Hi, I would like to search 1M filter queries in parallel in order to reduce the search time. This means a boolean query with 1M filter values, an no ordering is necessary. My index size is about 1GB, and I've stored everything in one shard, one node at the moment. I'm currently using searchAfter on 10k filter queries per request. So that means I will run 100 searchAfter queries in sequence with each query taking in 10k values (of the total 1M). This currently takes a long time (more than a couple minutes). I would like to consider parallelizing this search such that each of the 100 queries can run in parallel (e.g. on 100 client threads), and be aggregated within my application. What's the best way to do this? Some thoughts:
- should I still use searchAfter if I want parallelism? or should i use multisearch? (I do not need ordering/sorting/pagination). Does multisearch also have a limit to max_result_window? The reason why I tried using searchAfter is to exceed max_result_window.

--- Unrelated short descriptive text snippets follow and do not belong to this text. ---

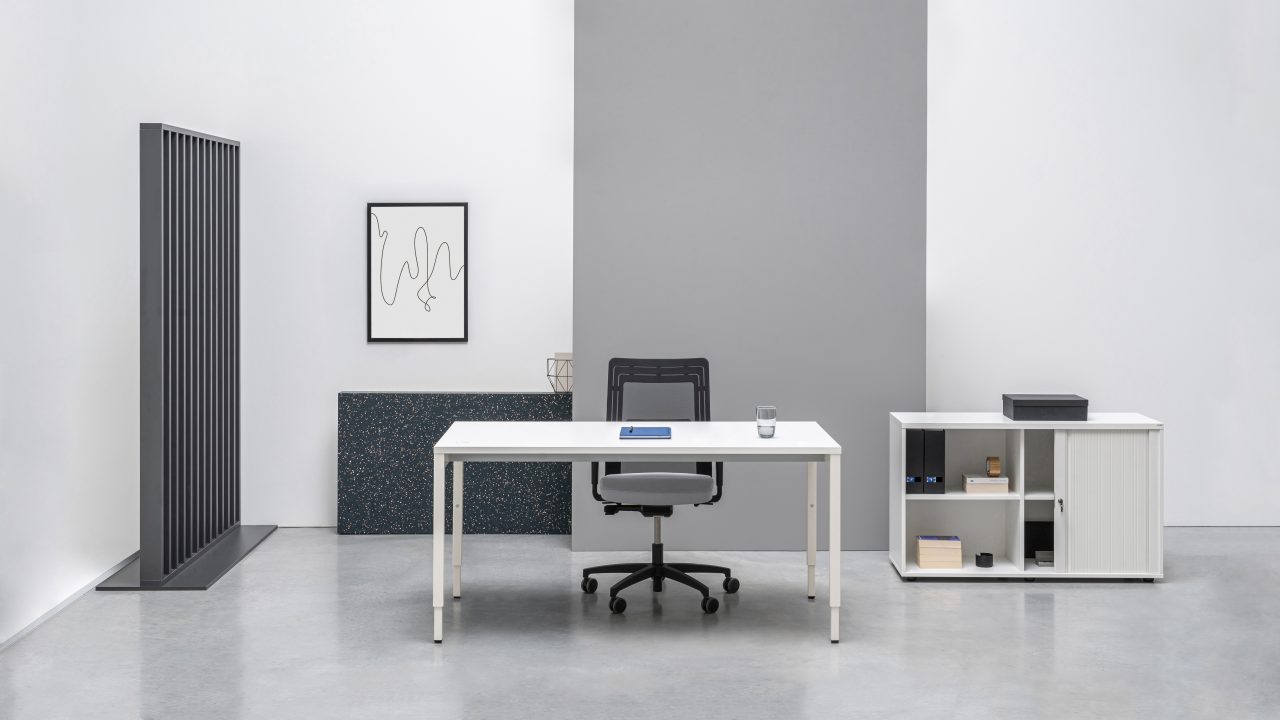 Desk Manual Height Adjustment Ogi Y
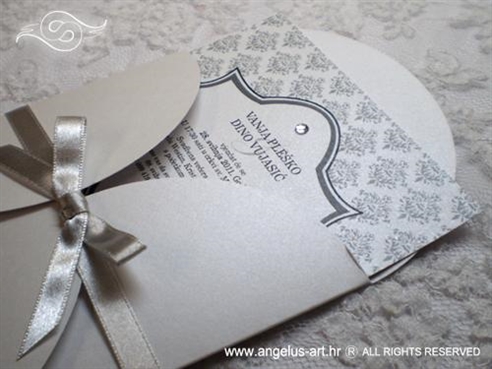 srebrno bijela pozivnica za vjenčanje s damask uzorkom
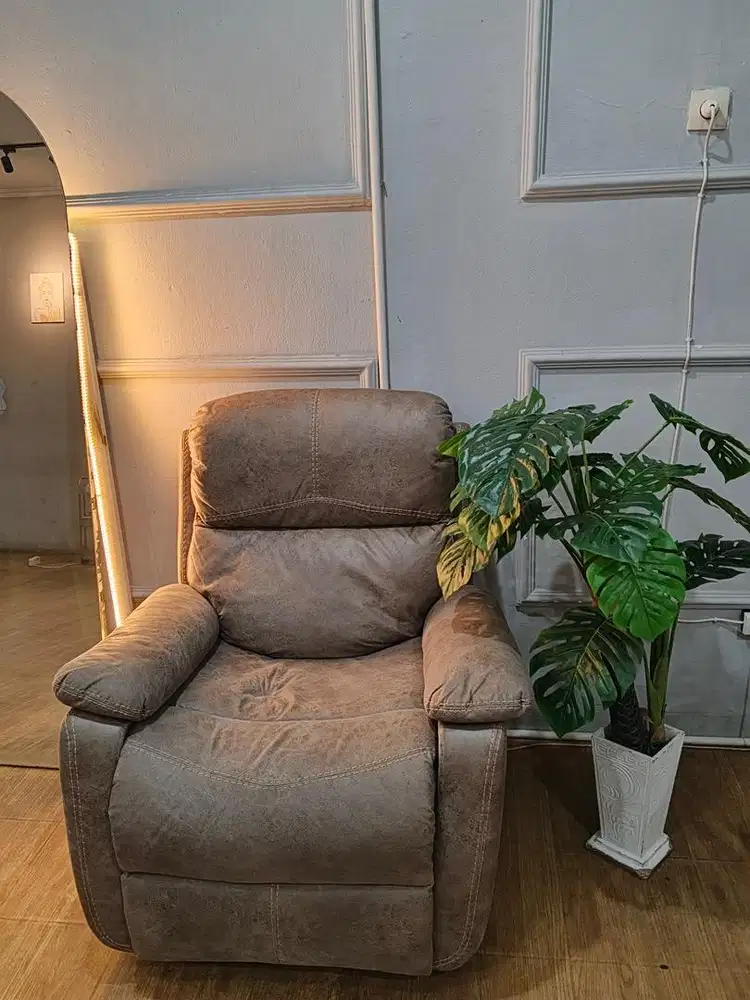 Dijual SOFA RECLYNER INFORMA Bekas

- should I create shards to introduce parallelism at my index size? Elasticsearch documentation recommends shard sizes between 10GB and 50GB however, and my index size is only 1GB.
- can I introduce hypothetically 100 replicas of the 1GB shard/node and create 100 search requests in parallel? Theoretically if I have a pool of 100 workers together serving a total of 100 simultaneous searches, with each search taking 10k queries, then each worker would only need to process one search operation.